The required output is the lines below from the line containing "80X100cm New Warm" to the line containing "TravelMap itinerary: driving", inclusive, retyped exactly. No other lines belong in it.

:: Data to process ::
-*-

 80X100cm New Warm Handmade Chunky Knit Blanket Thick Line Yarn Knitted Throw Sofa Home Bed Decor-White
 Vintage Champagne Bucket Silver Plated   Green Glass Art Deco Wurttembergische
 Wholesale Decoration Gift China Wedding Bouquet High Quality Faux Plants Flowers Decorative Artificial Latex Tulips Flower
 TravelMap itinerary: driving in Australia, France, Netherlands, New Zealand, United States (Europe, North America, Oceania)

-*-

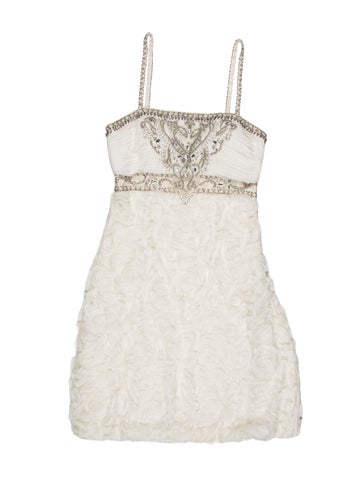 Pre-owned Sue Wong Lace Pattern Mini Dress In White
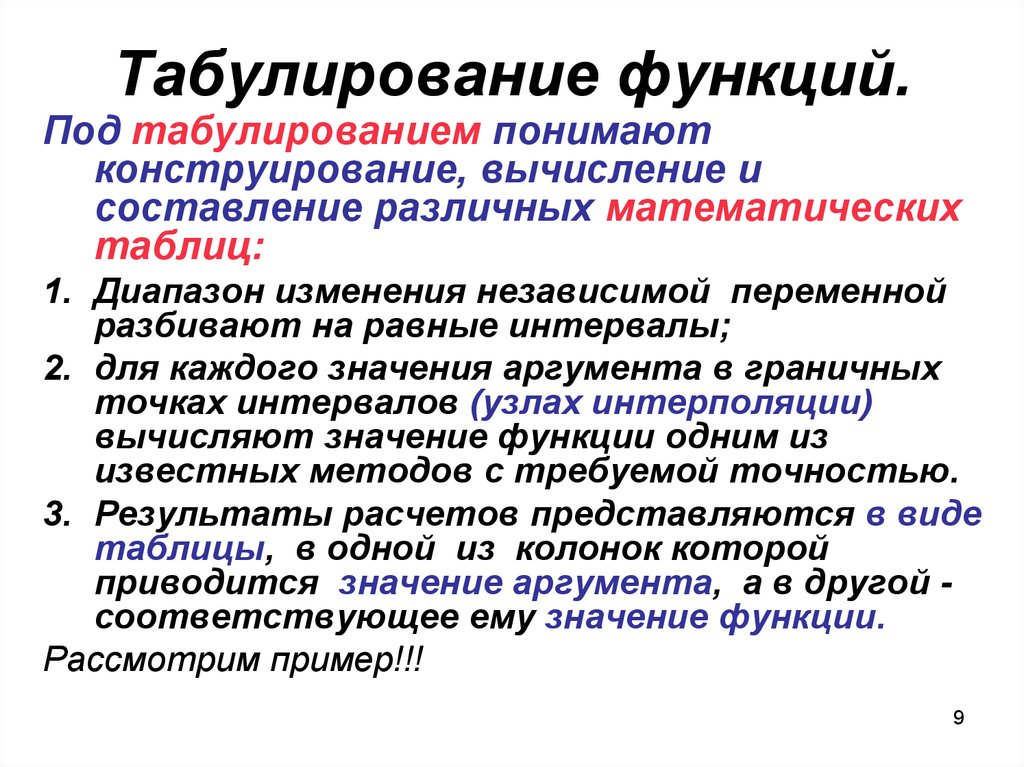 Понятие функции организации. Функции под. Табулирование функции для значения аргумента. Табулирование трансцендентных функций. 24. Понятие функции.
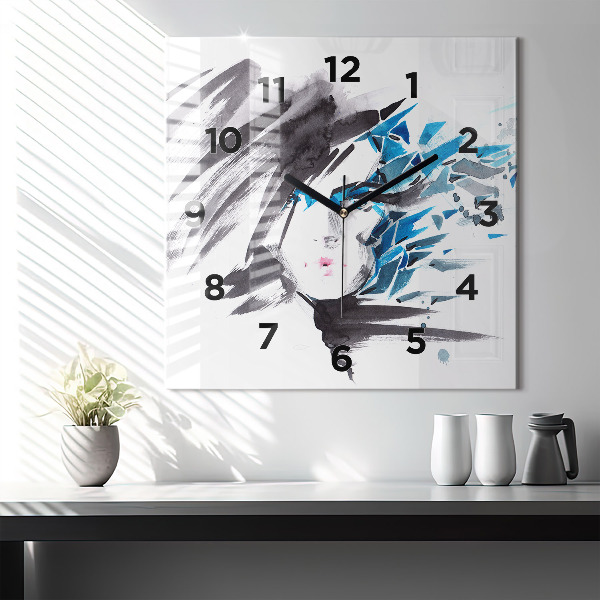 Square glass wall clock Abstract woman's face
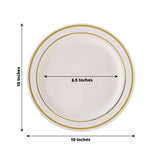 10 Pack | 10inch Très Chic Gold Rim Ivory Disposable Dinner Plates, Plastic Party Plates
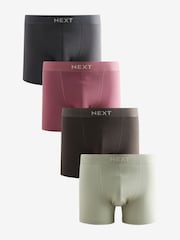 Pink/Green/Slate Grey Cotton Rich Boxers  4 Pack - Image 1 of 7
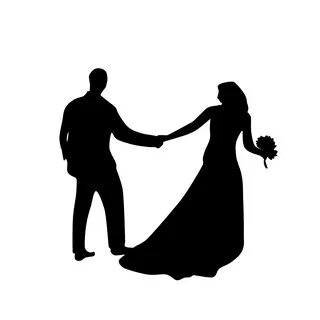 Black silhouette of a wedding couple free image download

-*-

:: Answer space ::
 80X100cm New Warm Handmade Chunky Knit Blanket Thick Line Yarn Knitted Throw Sofa Home Bed Decor-White
 Vintage Champagne Bucket Silver Plated   Green Glass Art Deco Wurttembergische
 Wholesale Decoration Gift China Wedding Bouquet High Quality Faux Plants Flowers Decorative Artificial Latex Tulips Flower
 TravelMap itinerary: driving in Australia, France, Netherlands, New Zealand, United States (Europe, North America, Oceania)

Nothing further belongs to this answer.